Bölge Adliye Mahkemesinin yukarıda tarih ve sayısı belirtilen kararıyla; kira sözleşmelerinde teminat olarak bono verildiğine ilişkin bir açıklama bulunmamakla birlikte davalı tarafça sözleşme ile birlikte bono alındığının kabul edildiği, bononun teminat senedi olduğu hususunda çekişme bulunmadığı, uyuşmazlığın teminat senedinin ilgili olduğu döneme ilişkin kira bedelinin ödenip ödenmediği noktasında olduğu, davacı tarafça dava konusu bono ile teminat altına alınan 2017 dönemi kira borçlarının ödendiğinin ispatlanamadığı, ödemeye ilişkin olarak davacı tarafça sunulan dekontlarda kira ödemesi olduğu belirtilmesine rağmen hangi döneme ilişkin olduğu açıklamasının bulunmadığı, ödemelerin davacı ... tarafından yapıldığı, yapılan ödemeler de dikkate alındığında bilirkişi raporları ile davacının bakiye borcu bulunduğunun tespit edildiği gerekçesiyle, istinaf başvurusunun esastan reddine karar verilmiştir.

V. TEMYİZ

A. Temyiz Yoluna Başvuranlar

Bölge Adliye Mahkemesinin yukarıda belirtilen kararına karşı, süresi içinde davacılar vekili temyiz isteminde bulunmuştur.

B. Temyiz Sebepleri

Davacılar vekili; istinaf dilekçesini tekrar ederek, kararın bozulmasını talep etmiştir.

C. Gerekçe

1. Uyuşmazlık ve Hukuki Nitelendirme

Uyuşmazlık, davacıların takip konusu senet sebebiyle borçlu bulunmadığının tespiti istemine ilişkindir.

2. İlgili Hukuk

1. 6100 sayılı Hukuk muhakemeleri Kanunu'nun (6100 sayılı Kanun) 190 ıncı maddesinin birinci fıkrası; "İspat yükü, kanunda ... bir düzenleme bulunmadıkça, iddia edilen vakıaya bağlanan hukuki sonuçtan kendi lehine hak çıkaran tarafa aittir." hükmünü içerir.
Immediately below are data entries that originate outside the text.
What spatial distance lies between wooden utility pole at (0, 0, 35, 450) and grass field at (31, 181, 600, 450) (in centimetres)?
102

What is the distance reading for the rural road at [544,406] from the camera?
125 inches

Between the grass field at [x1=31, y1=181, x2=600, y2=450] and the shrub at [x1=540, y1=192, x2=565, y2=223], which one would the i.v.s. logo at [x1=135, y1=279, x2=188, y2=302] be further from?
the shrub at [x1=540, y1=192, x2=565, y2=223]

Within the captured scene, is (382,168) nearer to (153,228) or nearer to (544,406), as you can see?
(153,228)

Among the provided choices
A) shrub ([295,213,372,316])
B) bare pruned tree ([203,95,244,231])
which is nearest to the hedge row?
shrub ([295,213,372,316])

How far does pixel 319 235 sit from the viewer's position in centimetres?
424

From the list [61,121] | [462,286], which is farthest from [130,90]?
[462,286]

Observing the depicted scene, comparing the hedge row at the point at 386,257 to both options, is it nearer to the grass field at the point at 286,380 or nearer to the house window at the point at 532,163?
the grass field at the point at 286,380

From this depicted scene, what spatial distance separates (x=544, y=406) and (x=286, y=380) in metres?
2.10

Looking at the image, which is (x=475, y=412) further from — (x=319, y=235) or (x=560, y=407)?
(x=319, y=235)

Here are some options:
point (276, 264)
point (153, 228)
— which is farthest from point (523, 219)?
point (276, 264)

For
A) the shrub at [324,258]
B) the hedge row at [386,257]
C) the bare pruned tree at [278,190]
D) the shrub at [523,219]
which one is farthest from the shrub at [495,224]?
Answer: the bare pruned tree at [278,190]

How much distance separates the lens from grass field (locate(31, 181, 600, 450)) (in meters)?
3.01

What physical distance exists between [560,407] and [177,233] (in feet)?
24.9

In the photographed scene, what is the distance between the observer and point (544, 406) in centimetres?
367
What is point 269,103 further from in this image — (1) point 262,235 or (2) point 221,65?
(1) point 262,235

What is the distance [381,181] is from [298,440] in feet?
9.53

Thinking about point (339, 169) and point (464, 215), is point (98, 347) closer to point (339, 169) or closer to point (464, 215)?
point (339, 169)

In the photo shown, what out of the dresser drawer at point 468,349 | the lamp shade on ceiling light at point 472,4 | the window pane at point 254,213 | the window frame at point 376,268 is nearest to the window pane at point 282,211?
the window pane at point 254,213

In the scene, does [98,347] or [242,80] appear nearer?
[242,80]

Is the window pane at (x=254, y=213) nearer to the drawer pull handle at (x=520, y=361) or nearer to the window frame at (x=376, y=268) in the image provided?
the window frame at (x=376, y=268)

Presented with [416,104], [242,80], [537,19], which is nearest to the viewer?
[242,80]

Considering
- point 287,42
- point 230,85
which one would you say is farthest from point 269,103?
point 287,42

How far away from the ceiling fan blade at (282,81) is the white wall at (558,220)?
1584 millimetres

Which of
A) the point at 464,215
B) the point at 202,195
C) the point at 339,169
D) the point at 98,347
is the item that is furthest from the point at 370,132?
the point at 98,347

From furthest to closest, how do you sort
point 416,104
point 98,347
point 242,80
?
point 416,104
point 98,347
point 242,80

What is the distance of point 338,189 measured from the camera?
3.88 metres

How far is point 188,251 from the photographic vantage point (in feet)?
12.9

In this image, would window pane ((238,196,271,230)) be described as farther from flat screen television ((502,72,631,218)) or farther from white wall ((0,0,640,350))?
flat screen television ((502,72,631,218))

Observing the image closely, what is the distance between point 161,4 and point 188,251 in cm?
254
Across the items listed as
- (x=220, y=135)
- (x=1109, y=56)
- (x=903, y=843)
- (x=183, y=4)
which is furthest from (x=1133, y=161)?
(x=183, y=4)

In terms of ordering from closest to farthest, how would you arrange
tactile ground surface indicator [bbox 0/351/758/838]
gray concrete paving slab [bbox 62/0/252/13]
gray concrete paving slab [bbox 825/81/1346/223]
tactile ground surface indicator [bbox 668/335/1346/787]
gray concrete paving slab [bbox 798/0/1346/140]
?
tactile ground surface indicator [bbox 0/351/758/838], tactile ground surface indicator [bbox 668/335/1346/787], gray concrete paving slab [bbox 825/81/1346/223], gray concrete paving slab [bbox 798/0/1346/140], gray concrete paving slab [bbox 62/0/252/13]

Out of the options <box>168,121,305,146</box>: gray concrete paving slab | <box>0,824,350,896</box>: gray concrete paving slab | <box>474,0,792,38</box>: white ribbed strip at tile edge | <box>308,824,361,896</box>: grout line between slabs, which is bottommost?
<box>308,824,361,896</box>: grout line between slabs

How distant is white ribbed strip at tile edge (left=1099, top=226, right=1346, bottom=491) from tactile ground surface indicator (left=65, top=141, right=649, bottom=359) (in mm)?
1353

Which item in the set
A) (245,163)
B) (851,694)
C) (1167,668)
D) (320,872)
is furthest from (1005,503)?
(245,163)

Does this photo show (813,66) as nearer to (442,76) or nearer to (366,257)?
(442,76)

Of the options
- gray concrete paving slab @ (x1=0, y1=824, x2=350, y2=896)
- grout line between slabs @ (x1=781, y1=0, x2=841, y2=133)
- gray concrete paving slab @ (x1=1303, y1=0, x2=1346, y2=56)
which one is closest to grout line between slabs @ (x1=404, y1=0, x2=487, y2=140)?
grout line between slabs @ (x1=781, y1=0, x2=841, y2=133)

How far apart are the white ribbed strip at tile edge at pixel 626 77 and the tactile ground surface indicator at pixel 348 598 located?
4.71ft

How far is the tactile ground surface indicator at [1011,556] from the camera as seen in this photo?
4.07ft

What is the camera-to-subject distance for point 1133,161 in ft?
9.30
2. 6098 sayılı Türk Borçlar Kanunu'nun 299 uncu maddesinde; “Kira sözleşmesi, kiraya verenin bir şeyin kullanılmasını veya kullanmayla birlikte ondan yararlanılmasını kiracıya bırakmayı, kiracının da buna karşılık kararlaştırılan kira bedelini ödemeyi üstlendiği sözleşmedir.” hükmü bulunmaktadır.

3. Kira akdi; kullandırma akitlerinden olup bununla kiraya veren, bedel karşılığı bir şeyin kullanımını kiracıya terk etmek durumundadır. Kira sözleşmesini ve kira bedelini ispat yükü kiraya verene, kiralananı tahliye ettiğini ve kira bedelini ödediğini ispat yükü ise kiracıya aittir.

3. Değerlendirme

Temyiz olunan kararda belirtilen gerekçelere, özellikle davacı tarafça bono ile teminat altına alınan kira bedelinin ödendiğinin ispatlanmadığının anlaşılmasına göre, davacılar vekilinin temyiz itirazlarının reddi ile usul ve kanuna uygun bulunan kararın onanmasına karar vermek gerekmiştir.

VI. KARAR

Açıklanan sebeple;

Temyiz olunan Bölge Adliye Mahkemesi kararının 6100 sayılı Kanun'un 370 ... maddesinin birinci fıkrası uyarınca ONANMASINA,

Aşağıda yazılı bakiye temyiz harcının temyiz edene yükletilmesine,

Dosyanın İlk Derece Mahkemesine, kararın bir örneğinin Bölge Adliye Mahkemesine gönderilmesine,

18.09.2023 tarihinde oy birliğiyle karar verildi.